Tuesday, April 19, 2016

The House Between Tides by Sarah Maine

From the publisher: Kate Morton meets Daphne du Maurier in this atmospheric debut novel about a woman who discovers the century-old remains of a murder victim on her family’s Scottish estate, plunging her into an investigation of its mysterious former occupants.

I thoroughly enjoyed reading Sarah Maine’s debut novel The House Between Tides. In 2010, Hetty Deveraux contemplates turning the massive house that she has inherited on a remote Scottish island into an upscale hotel. She meets resistance from the cordial but cool locals, who have just found the remains of a body in the decaying home as Hetty arrives to examine the property. Her pushy boyfriend Giles and the two shallow agents he has employed consider the hotel a done deal, but Hetty is not so sure.

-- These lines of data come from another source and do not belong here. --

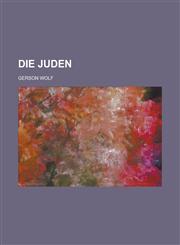 Die Juden,1234333635,9781234333638
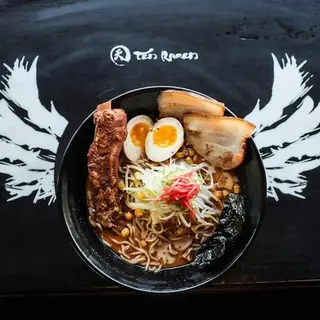Ten Ramen, ramen restaurant, Los Angeles
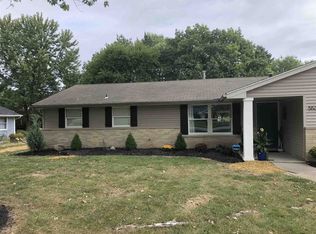 5531 Westhills Rd, Fort Wayne, IN 46804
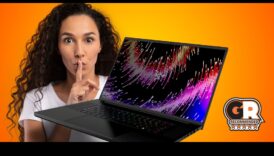 שקט אבל קטלני: מחשבים ניידים למשחקים עם מערכות קירור יעילות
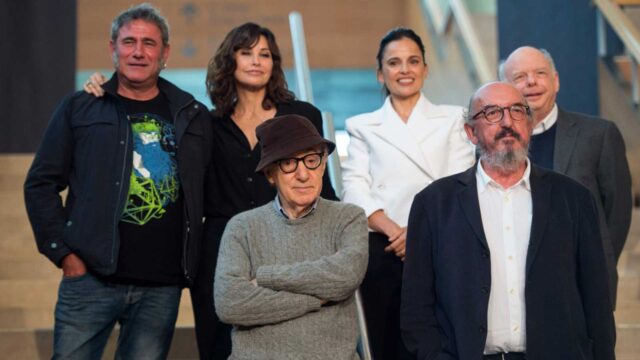 El festival de Rifkin, la nueva película de Woody Allen
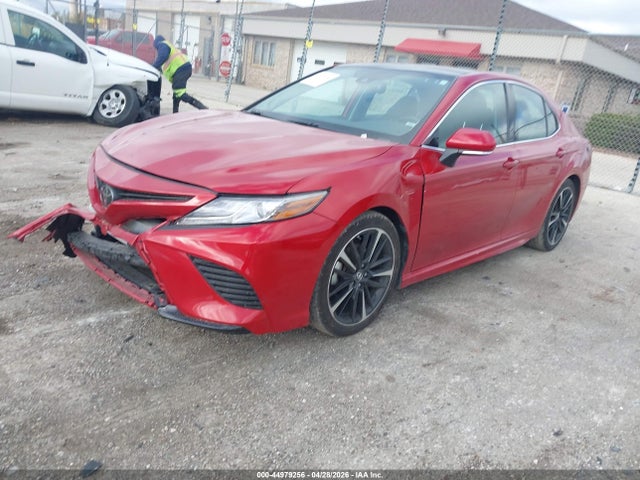 2019 Toyota CAMRY XSE — миниатюра 2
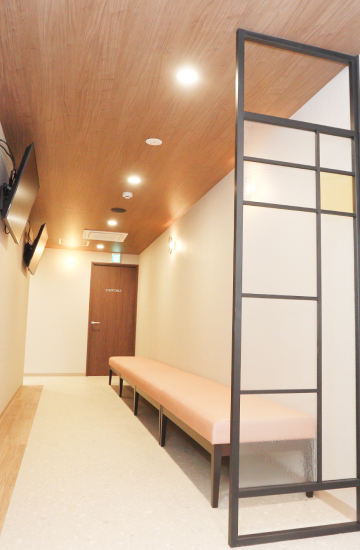 医院スライダー写真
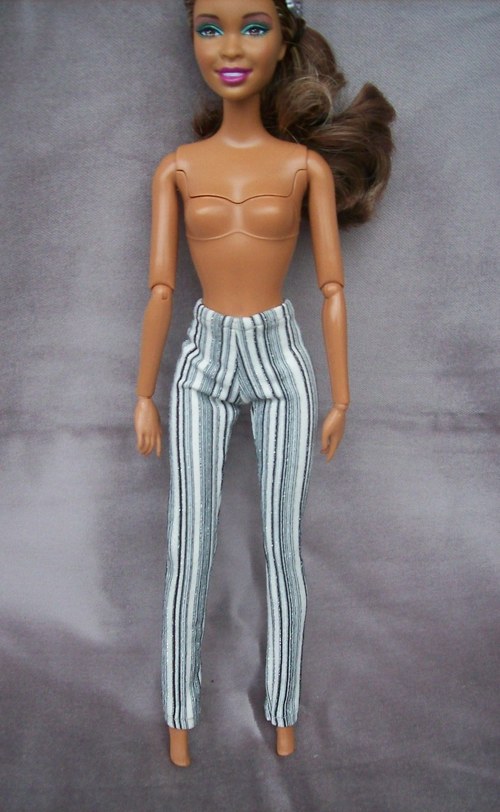 Legíny pro Barbie — foto 1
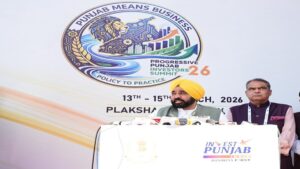हमें उम्मीद थी कि अमित शाह पंजाब के लिए  MSP, कर्ज माफी या खास पैकेज की बात करेंगे, लेकिन वह सिर्फ पंजाबियों को भला-बुरा कहकर ही चलते बने: CM मान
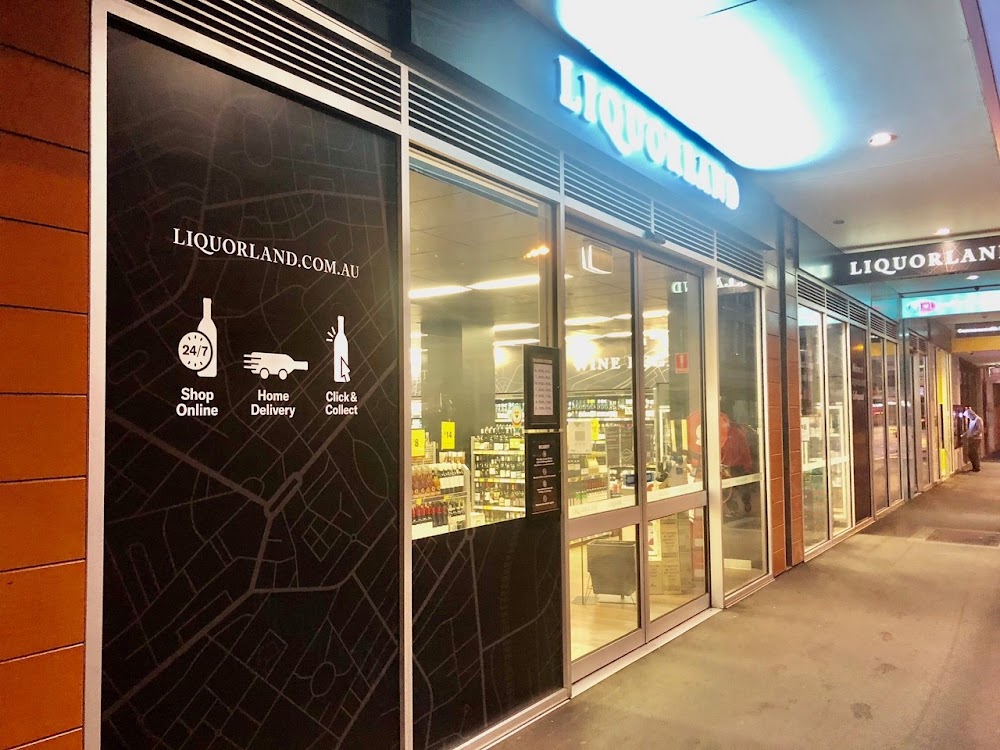 Images Liquorland Collingwood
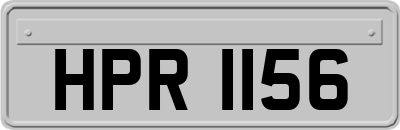 HPR1156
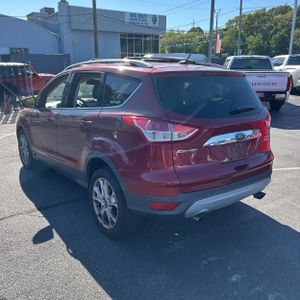 FORD ESCAPE TITANIUM - 5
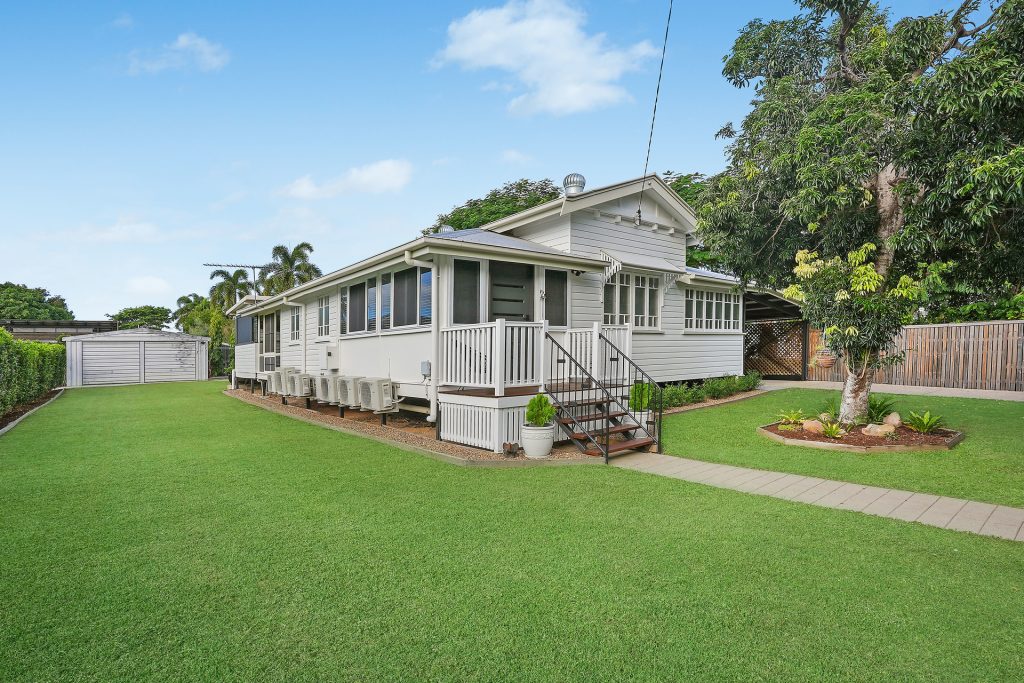 Sold - 7 Barboutis Street - New Property in Belgian Gardens - Real Estate by Brad Matheson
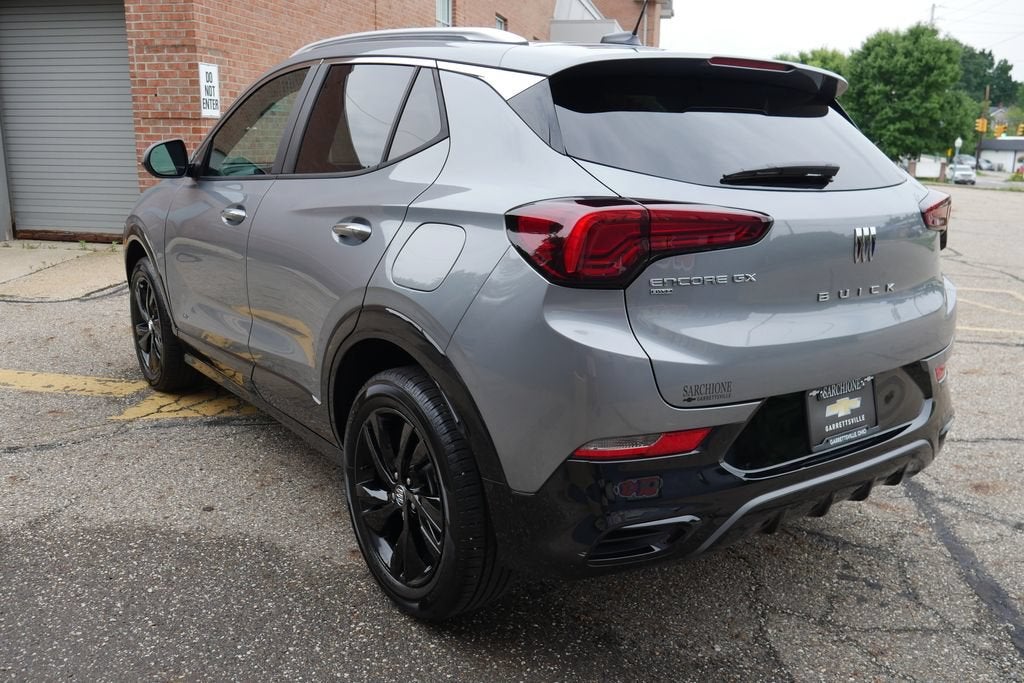 2025 Buick Encore GX Sport Touring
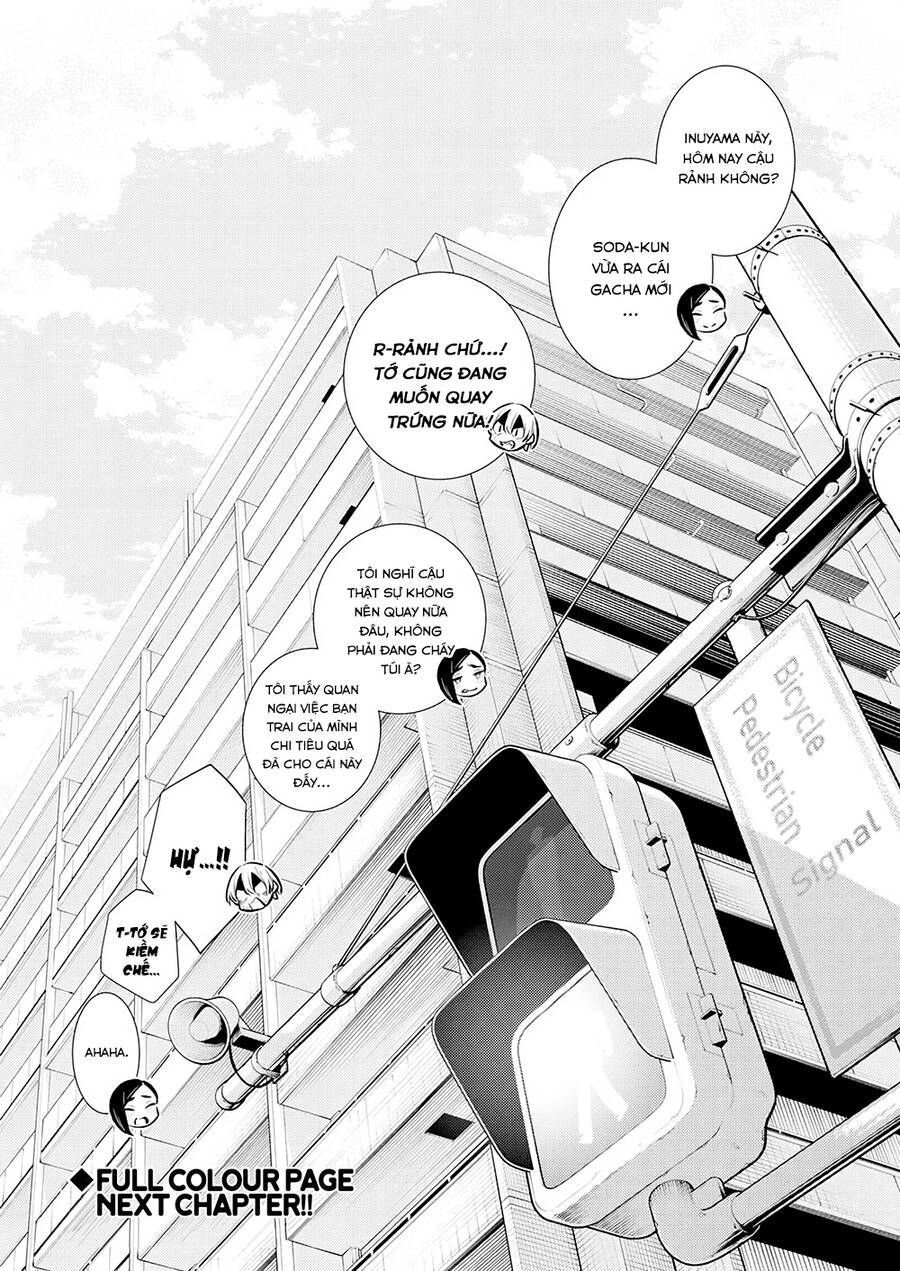 Yancha Gal No Anjou-San Series Chap 162 - Next Chap 163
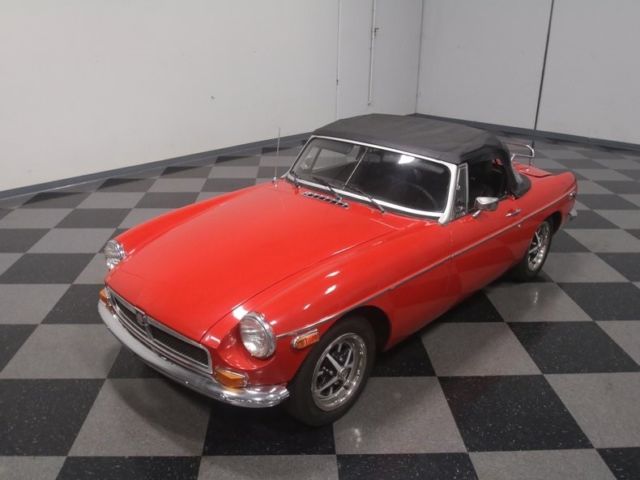 1974 MG MGB -- - photo 11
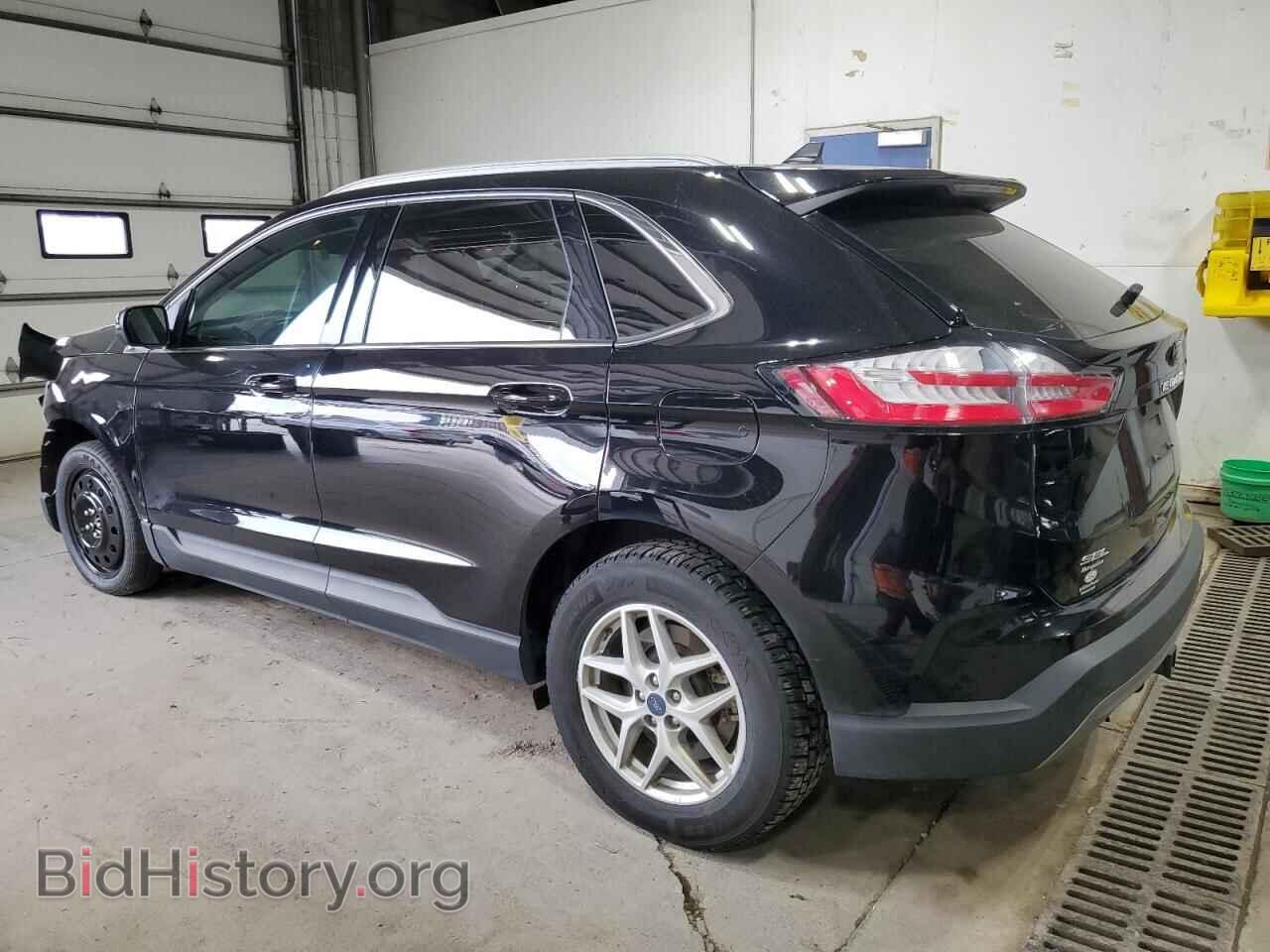 2024 FORD EDGE - VIN: 2FMPK4J96RBA18328 - Фото 2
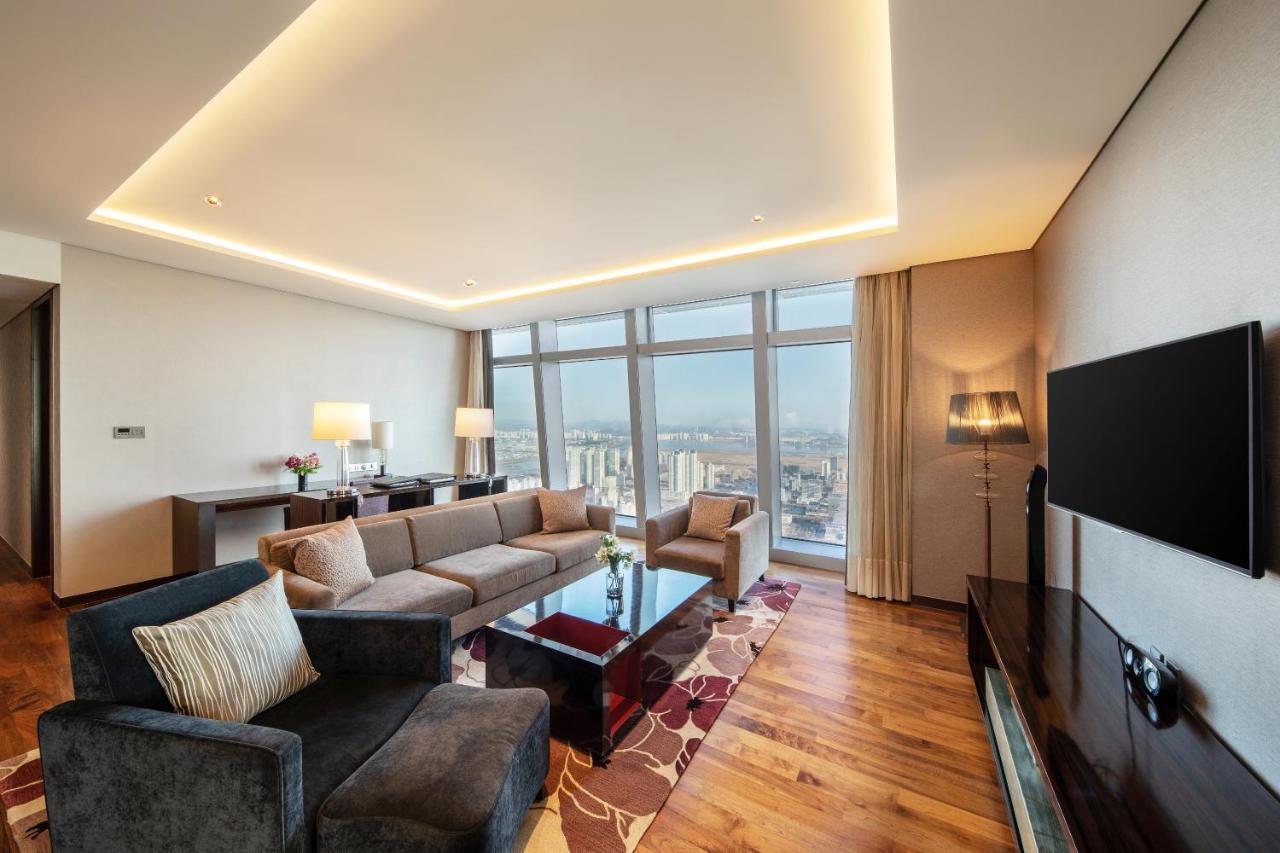 Appart hôtel Oakwood Premier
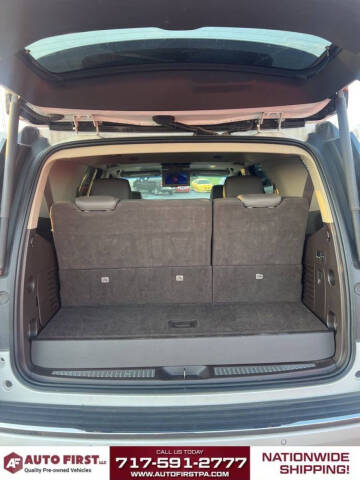 2019 GMC Yukon Denali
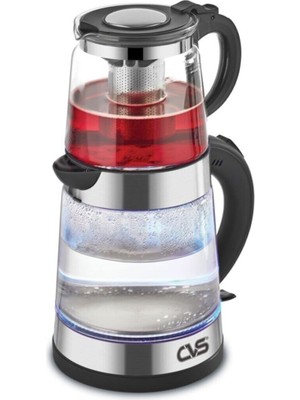Cvs Dn 1521 Harman Elektrikli Çay Makinesi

The narrative flashes back and forth between 2010 and 1910, when young Beatrice arrives on the island as a new bride with her much older husband, artist Theo Blake. Woven throughout the story are works of art, loves lost, family mysteries, and wild birds.

The descriptions of the island in the Hebrides are very evocative. The author also captures the mansion in its glory in 1910 and in its moldering state in 2010. As a bird lover, I was interested in the thread about the irony of birdwatchers of the past shooting birds and collecting their eggs, no matter how rare or endangered. I was reminded of Susan Hill’s The Woman in Black because the house can only be reached when the tide is out, but otherwise they are quite different books. (However, if you liked The Woman in Black you will probably enjoy this book also.)

The House Between Tides is not a perfect book. It takes Hetty too long to grow a spine, and the “bad guy” boyfriend and agents are stereotypical with no depth. Some of the family mysteries are obvious from the start, and I guessed the identification of the body long before the end. Still, I stayed up late finishing The House Between Tides, something I don’t do that often anymore. I also love the cover!

I recommend The House Between Tides to lovers of romantic gothic fiction and mysteries. I read an advance reader copy. It will be published in August 2016 and will be available for checkout at the Galesburg Public Library as a print book and an ebook.